The closures will drastically impact the federal government’s ability to ensure that public schools are not violating students’ civil rights. Bourenane says that’s a huge problem.

“If we eliminate these safeguards and protections and simply allow states to treat children however they wish, without regard to these rights and protections, then we’re putting kids very literally at risk,” she said. 

Brian Dittmeier, director of public policy for the civil rights advocacy group GLSEN, spelled out in detail how harmful the loss of entire OCR offices could be.

“The whole process obviously includes filing a complaint and having a civil rights investigation if it’s opened, which requires staff to do the investigation and meet with the school district and figure out the heart of the matter of whether action needs to be taken to ensure not just the individual students, but all students in the district are able to learn free in an environment free from discrimination,” Dittmeier said. 

The loss of regional offices is key, he said. With the loss of an office in Chicago, for example, it becomes much more difficult for OCR staff to investigate civil rights complaints in neighboring states without their own offices.

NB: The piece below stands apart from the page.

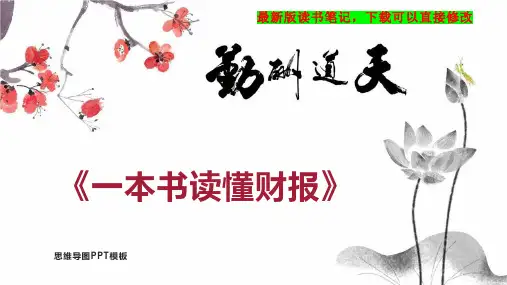 《一本书读懂财报》读书笔记思维导图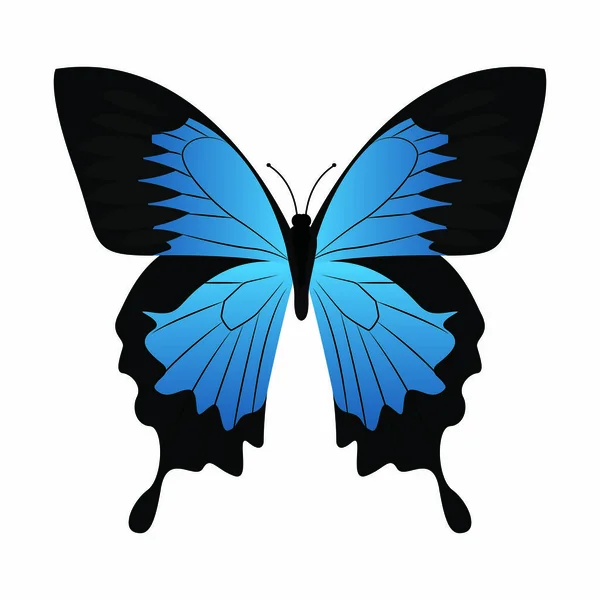 Abtract niedlicher Schmetterling — Stockvektor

“Many of these investigations require in-person visits to the school district, and particularly in the disability context as well, if you’re thinking about an ADA accommodation, you need to be able to see the actual width of an opening, or the slope of a ramp,” Dittmeier said. “And so if you’re removing those regional civil rights offices, it’s harder to actually get to the school and probably incurs more resources to the government to fly investigators to different school districts across the country.”

This will also ultimately result in a backlog in civil rights investigations, he said.

“What we saw over the last couple of years is record rates of civil rights complaints being filed with the Office for Civil Rights, which goes to show that there is a need for these investigations to be conducted,” Dittmeier said.

It isn’t just civil rights protections that will be affected by workforce reductions or the potential elimination of the department.

“The threat of the loss of federal funding is also incredibly serious, and this also is going to, I think, hit some of America’s red states the hardest,” Bourenane said. “I’m incredibly worried and concerned that people aren’t going to wake up to how bad these ideas really are until local kids really start feeling the pain. And we shouldn’t be running a political experiment that depends on whether or not our kids get hurt for us to pay attention.”

Cowen too said that the impacts of the potential end of the Department of Education will not be evenly felt.

”When the Trump administration says, well, we’re going to send education back to the states, it’s weird because of course, they say, Don’t worry, we’re not ending any public funding or services,” Cowen said. “They’re just sort of getting rid of the one organization that makes sure these dollars get spent the way they’re supposed to get spent. And I think that’s the take-home point here … if you live in a district that has lower levels of average income than compared to other districts in your state, if you live in a rural district, if you live in an urban environment that’s been historically under-resourced, if you live in a district with predominately Black children or Latino children, if your kid has a disability, if you’ve relied on a free lunch program at all at any point while your kids have been in school, all of these things are really open questions.”